An MCSE certification allows IT professionals to better approach Cloud transitions
Depending on who you are, the acronym ‘MCSE’ might mean two entirely different things. In other words, the MCSE certification of the 90’s is completely different from the one we have today (2012). So, before we explore the most recent version, let’s clear up some of the confusion…
The older program trained individuals as Microsoft Certified System Engineers; likewise, it dealt with operating systems and software that are largely obsolete (though some might still be in professional use today). This older version of the MCSE taught respondents to apply creative use of Microsoft technologies to create specific business solutions. Needless to say, it was a very broad certification which was beneficial for not just IT personnel, but also service professionals, analysts, consultants, software engineers, and others. There are a number of reasons why the program was discontinued, one of the most oft-referenced being that more hands-on training is required with regards to utilizing Microsoft’s newer products.

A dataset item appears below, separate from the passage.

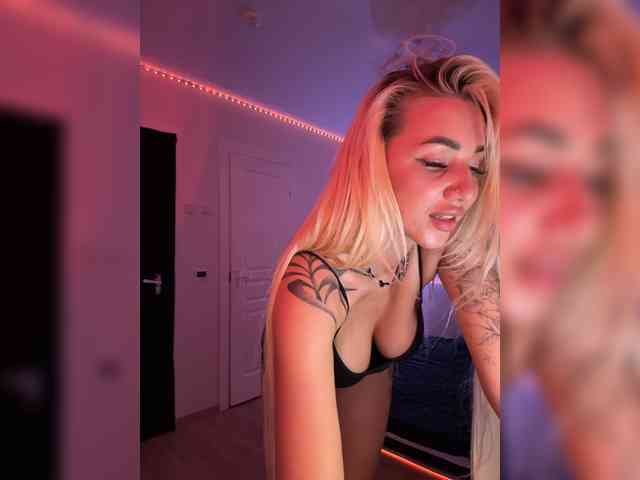 -AmazingBlonde- webcam
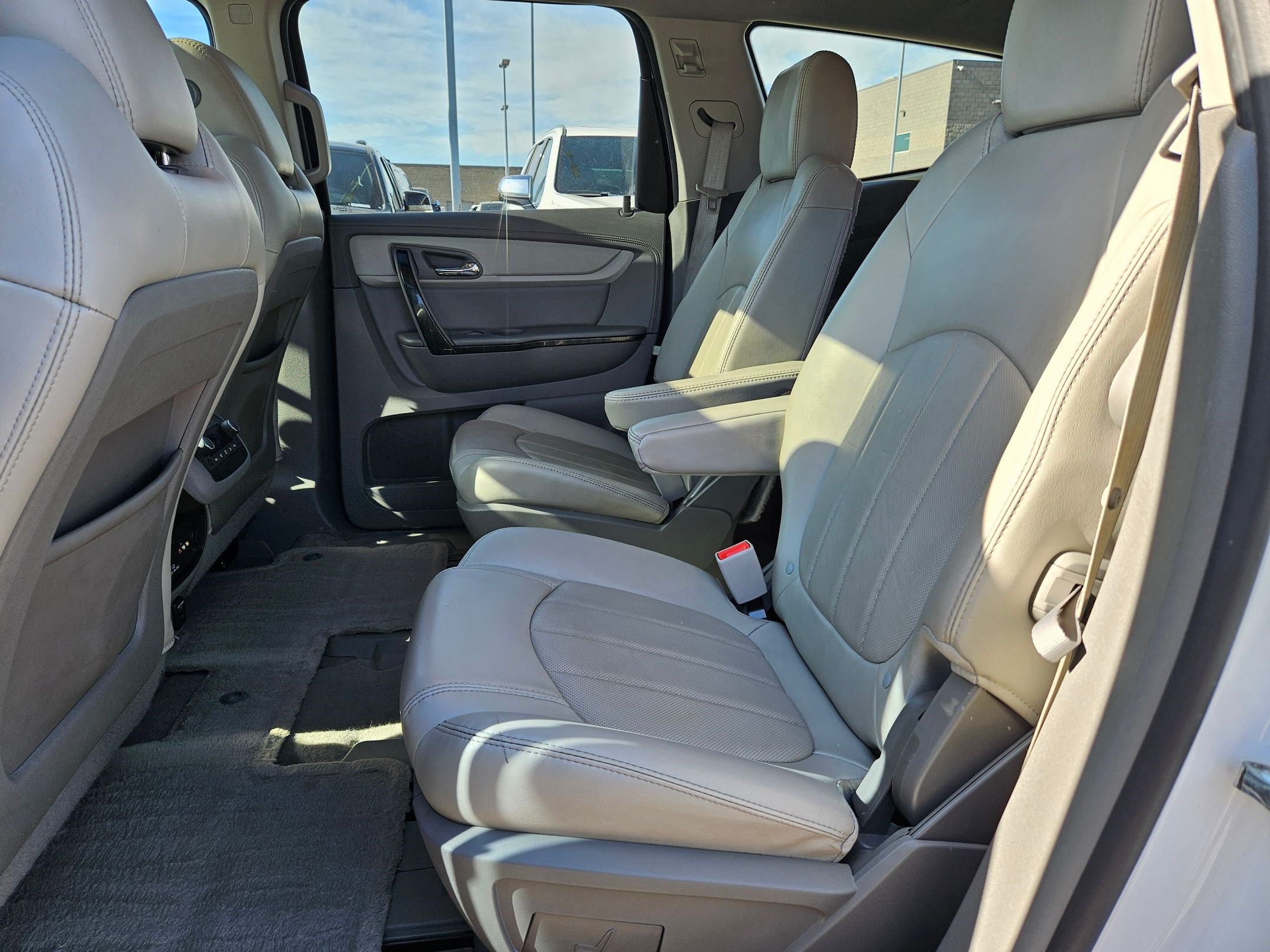 Used 2016 Chevrolet Traverse LTZ AWD/4WD image 28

In April of this year (2012) the MCSE certification suite was officially re-branded; now those carrying the title of MCSE are known as Microsoft Certified Solutions Experts. Unlike its predecessor/namesake, this version of the MCSE is narrower in scope, but ultimately (or arguably) more powerful. Today’s MCSE is angled toward cloud computing; more specifically, their on-site abilities as well as use of Microsoft technologies to help organizations move into the cloud. Simply put, anyone who completes one of the specialized MCSE areas will be more than prepared not only in terms of qualifications, but also in terms of experience.
The MCSE program is currently comprised of 7 different areas of interest or specialization, they are:
MCSE – Server Infrastructure
MCSE – Desktop Infrastructure
MCSE – Private Cloud
MCSE – SQL Server 2012
MCSE – Messaging
MCSE – Communication
MCSE – SharePoint
Naturally, if you exhibit talent or experience in any of the aforementioned areas it’s probably best to look to become certified in that specialization. However, it should be noted that each division does deal directly with cloud-related concepts and technologies. Truly, this is a certification suite that’s aimed at producing competent professionals who are on the cutting edge. What’s more, the new MCSE program is really an excellent amalgamation of the best approaches, whether they are older or more recently discovered. Moreover, this new approach makes room for any new developments which might take place; you could hardly say that cloud computing is finished growing, and Microsoft is certainly taking future expansions into account with these latest MCSE offerings.
So, what’s the point of an MCSE certification, you ask? Or rather, what ultimate purpose do these MCSE programs serve? Well, the bottom line is that the entire world and global business infrastructure is on pace to fully adopt cloud computing; and we’re not talking about a timeline including multiple decades. The truth is that we may very well see over 50% of organizations adopt some complete or partial form of cloud computing well within the next few years (if we haven’t already seen it, that is). Simply put, we live in the age of the cloud, and more and more IT professionals are tuning into this fact and taking the appropriate steps to protect their careers and/or dramatically improve them with cloud-specific training and/or certification. The point is, all of these organizations are going to need quality assistance when it comes to transitioning over to cloud computing infrastructures. Employers are already on the lookout for those with MCSE qualifications, who might be able to ensure a smoother and more sustainable experience with cloud computing.
On the technical side of things, MCSE certification programs will actually train professionals in various disciplines which are used to help companies transition to the cloud. In other words, showing IT workers how to handle specific cloud issues and problems is part of the imperative of the program itself. You’ve really got to hand it to Microsoft; they’re tackling the shortage of IT workers with cloud computing experience head on with these certifications while at the same time promoting some of their flagship products (like server 2012) which employ cloud technologies.
Who should pursue an MCSE certification? In reality, anyone who works in IT should at the very least consider an MCSE certification, but the program itself is more-or-less designed for those with experience in the field. Having said that however, it should be obvious that any younger, more inexperienced IT professional that successfully pursues and completes an MCSE program will undoubtedly be looked upon favorably by a great number of potential employers (hint, hint).